__Task requirements__
All lines in the records below that hold "Post" are to be shown.

__Task input__
++++++
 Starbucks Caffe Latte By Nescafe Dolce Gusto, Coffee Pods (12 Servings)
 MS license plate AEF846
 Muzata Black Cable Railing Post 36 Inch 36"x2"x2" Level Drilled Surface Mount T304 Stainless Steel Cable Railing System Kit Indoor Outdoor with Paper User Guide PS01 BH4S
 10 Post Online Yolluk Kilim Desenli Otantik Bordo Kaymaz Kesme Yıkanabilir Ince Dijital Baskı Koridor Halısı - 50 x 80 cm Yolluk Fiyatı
++++++
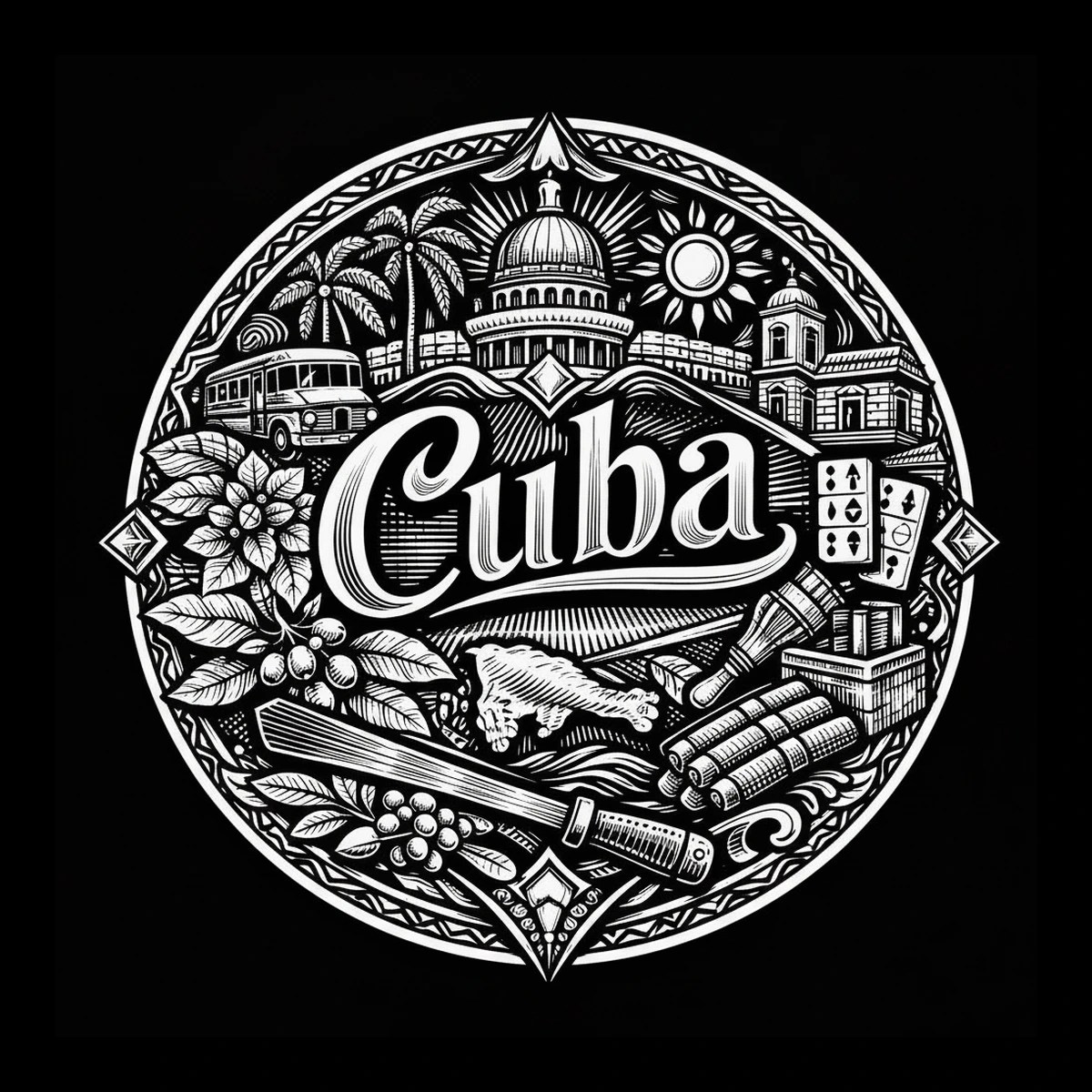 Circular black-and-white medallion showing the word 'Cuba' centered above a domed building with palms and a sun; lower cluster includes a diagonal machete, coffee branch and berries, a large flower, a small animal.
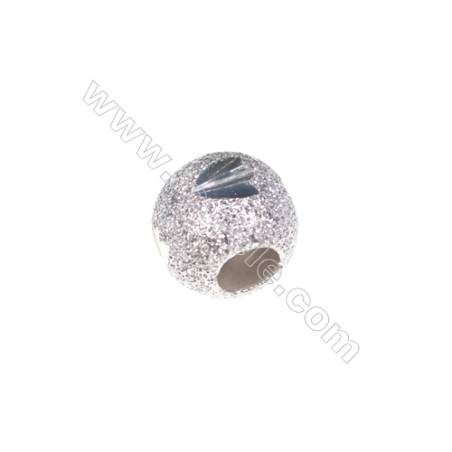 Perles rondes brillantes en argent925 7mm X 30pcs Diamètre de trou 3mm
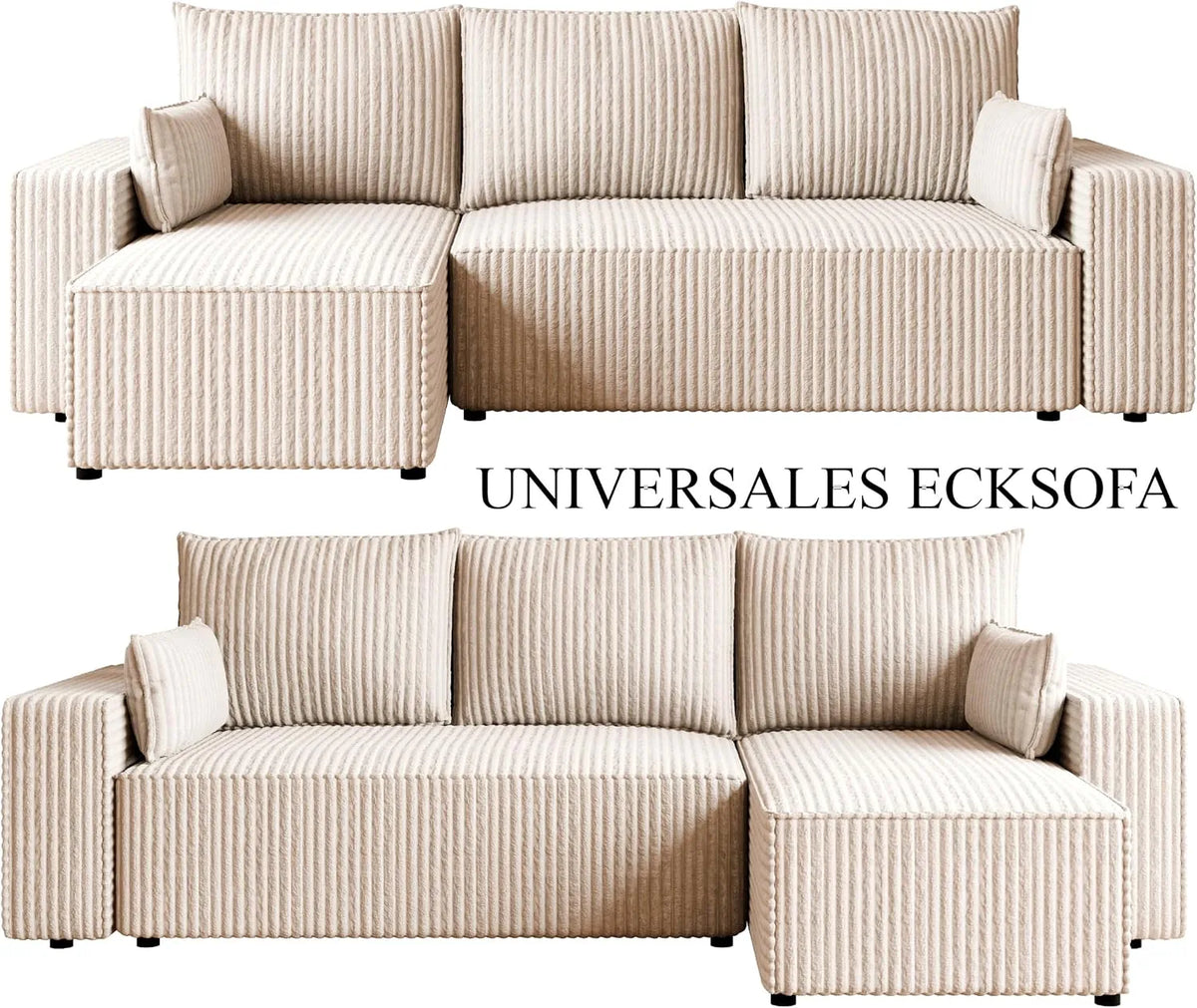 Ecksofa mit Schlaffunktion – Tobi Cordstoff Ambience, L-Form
++++++
__Answer box__
 Muzata Black Cable Railing Post 36 Inch 36"x2"x2" Level Drilled Surface Mount T304 Stainless Steel Cable Railing System Kit Indoor Outdoor with Paper User Guide PS01 BH4S
 10 Post Online Yolluk Kilim Desenli Otantik Bordo Kaymaz Kesme Yıkanabilir Ince Dijital Baskı Koridor Halısı - 50 x 80 cm Yolluk Fiyatı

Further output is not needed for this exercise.